2010年12月には欧州の標準化団体である欧州標準化委員会(CEN)欧州電気標準化委員会(CENELEC)欧州通信規格協会(ETSI)が、マイクロUSBをベースにした規格を発表していた。
今回発表されたのは、この規格に準拠した初の充電ケーブルで、携帯電話機以外にも、携帯音楽プレーヤー、ノートPC、デジタルカメラなどの充電にも使えるようになるという。

 ECは長年に渡って携帯充電器の規格統一を推進していたが、採用するかどうかは各メーカの決定に委ねられていた。そのため、なかなか統一が進まなかった。ECでは2009年12月に最後通告(ultimatum)を発し、各メーカが自発的に採用するように促した。これを受け、以下の14社が携帯電話充電器の規格統一に合意した。下記14社で欧州の携帯電話販売の90%を占める。日本企業はNECのみ。

 ECによると、欧州では1年に約5億台の携帯電話機が出荷され、現在30種類以上の異なる充電器がある。ユーザの観点からは利便性がよくなかった。携帯電話を買い換えるたびに充電器を捨てることも多く、環境への悪影響も指摘されていた。
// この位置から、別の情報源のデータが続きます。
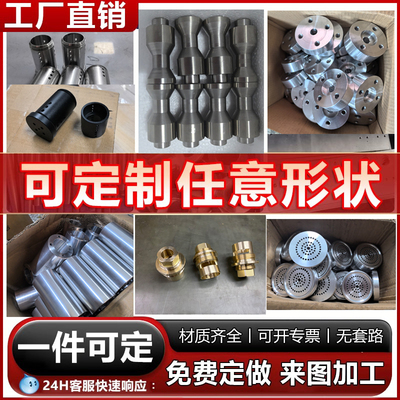 6061铝板激光切割加工定做铝合金cnc加工机零件定制铝 件阳极氧化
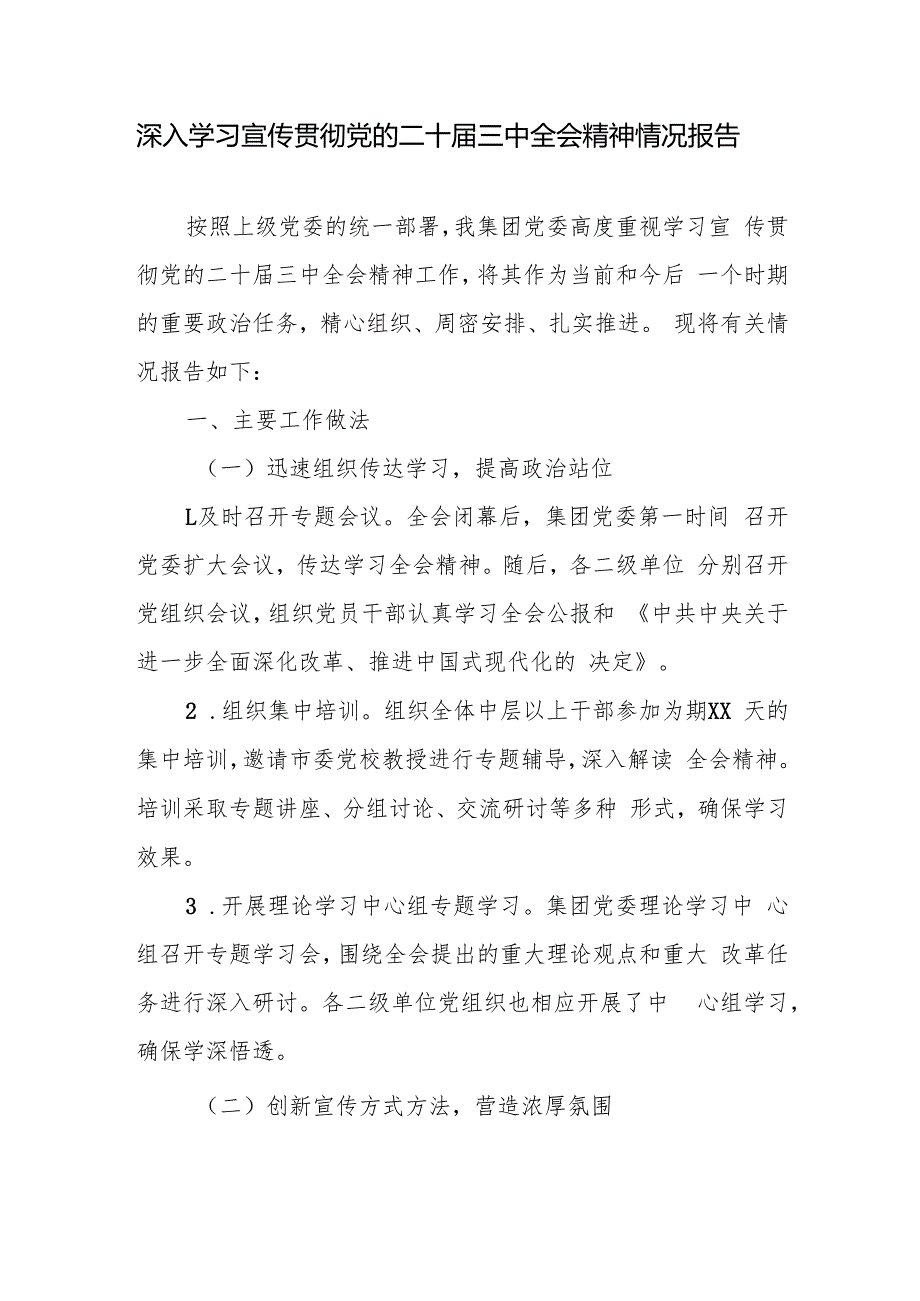 集团公司党委2024深入学习宣传贯彻党的二十三中全会精神情况报告.docx_第1页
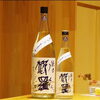 「櫛羅 -くじら- 純米 無濾過生原酒【京都向日市・野村龍酒店】」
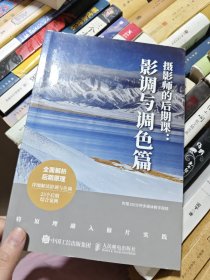 摄影师的后期课 影调与调色篇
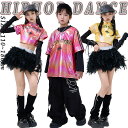 虹色 黄色 Tシャツ 黒 スカート カーゴパンツ タイダイ柄 反射柄 キッズ ダンス衣装 セットアップ 上下セット おしゃれ 女の子 男の子 ゆったり アームカバー レッグウォーマー ダンスウエア ヒップホップ ジャズダンス 韓国 jazz k-pop 舞台服 演出服 練習着 団体服 発表会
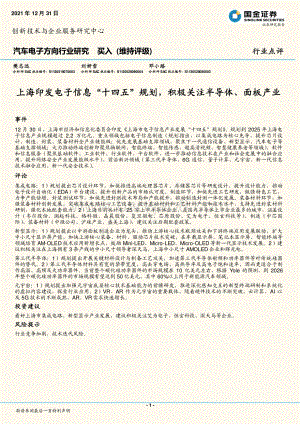 20211231-国金证券-汽车电子方向行业点评_上海印发电子信息_十四五_规划_积极关注半导体_面板产业_3页_483kb.pdf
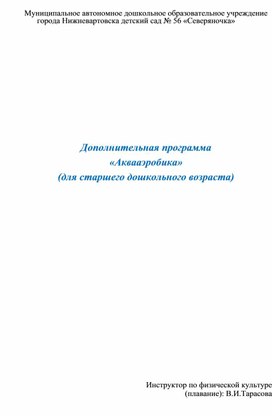 Обложка для материала Программа: "Аквааэробика"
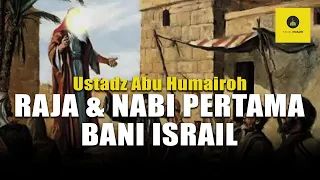 KISAH RAJA DAN NABI PERTAMA BANI ISRAIL - USTADZ ABU HUMAIROH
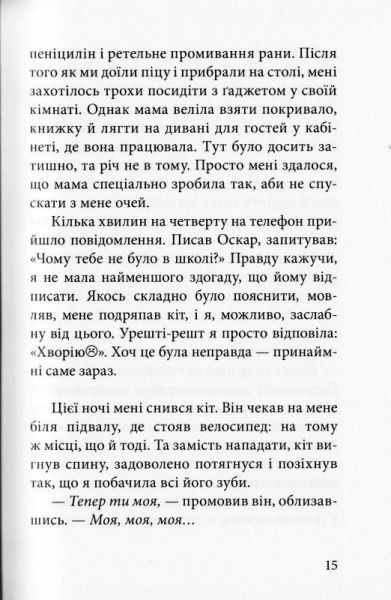 Книга Лине Кобербель «Дика відьма. Бойове хрещення» 978-617-7537-49-5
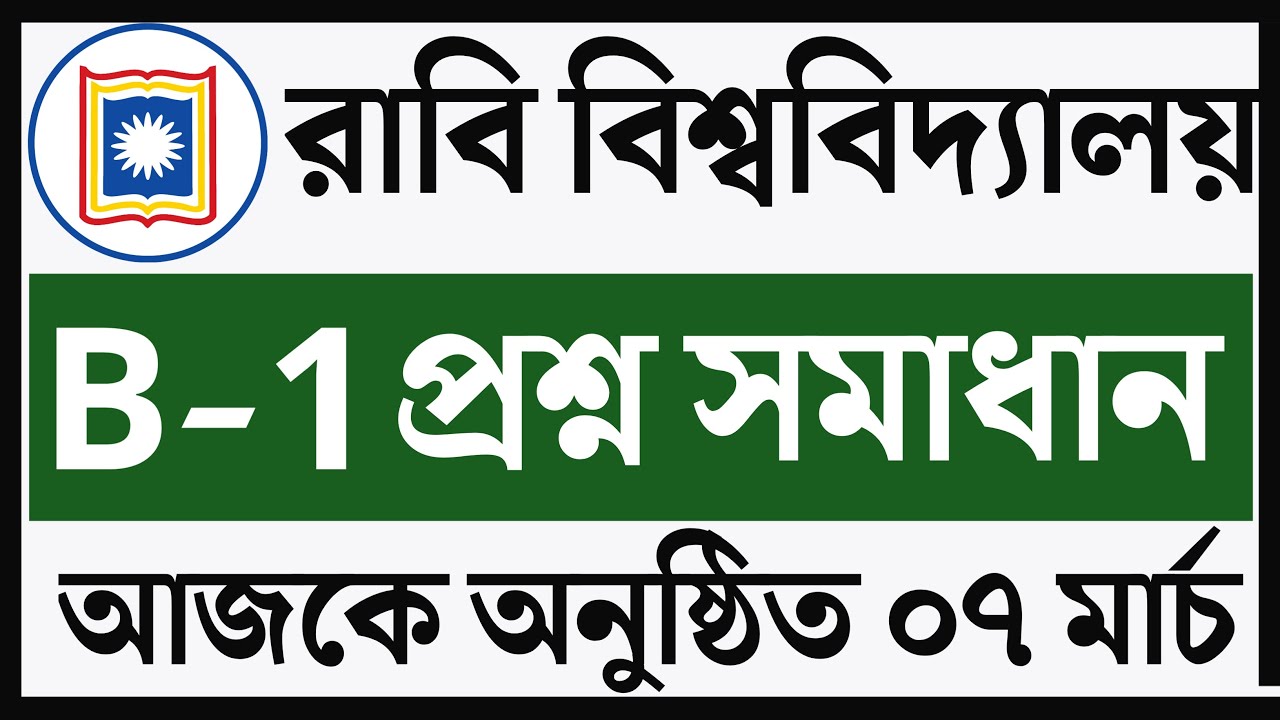 RU Admission B Unit Shift -1 Question Solution 2024। Rajshahi University B Unit Question Solve 2024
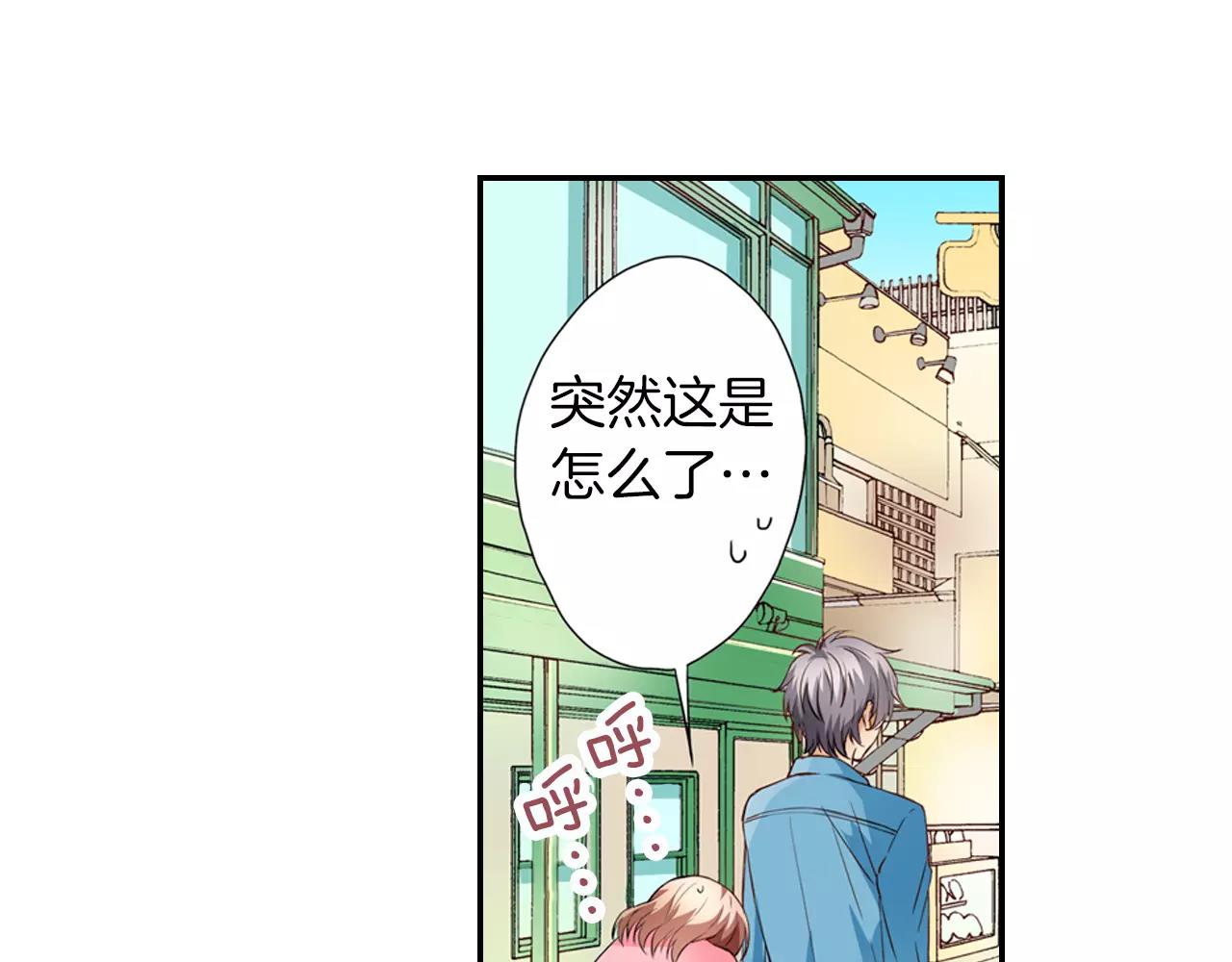 第6话 只是玩玩？7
ECによると、処分される充電器だけで毎年51,000トン以上のゴミが発生しているとのこと。
EUは2003年に廃電気電子機器を減少させるため、リユース、リサイクルを推進するWEEE指令を発している。環境への取組も非常に熱心である。このような背景もあり今回の充電器の規格統一はEUにとって非常に良い施策と言えるだろう。EUでは「One charger for all」のサイトを立ち上げ普及活動も行っている。(下記動画参照)

 一方でメーカ側にとっては、今まではメーカ内での携帯電話充電器の統一をすることによって差別化(ユーザの繋ぎ止め)を図っていた。例えばNokiaの携帯電話は充電器の互換性があることが多く、以前に利用していたNokia端末と同じ形式の充電器であればユーザは新たに充電器を買う必要がなかった。
 ECの発表には、罰則規定はないがメーカにとっても環境を配慮し、ユーザの利便性が向上するのであれば、あえて独自の規格の充電器を作ることはないだろう。ある特定の端末だけが独自の互換性のない充電器では、ユーザがそのような端末は面倒だから購入しなくなることの方がメーカにとっては困るだろう。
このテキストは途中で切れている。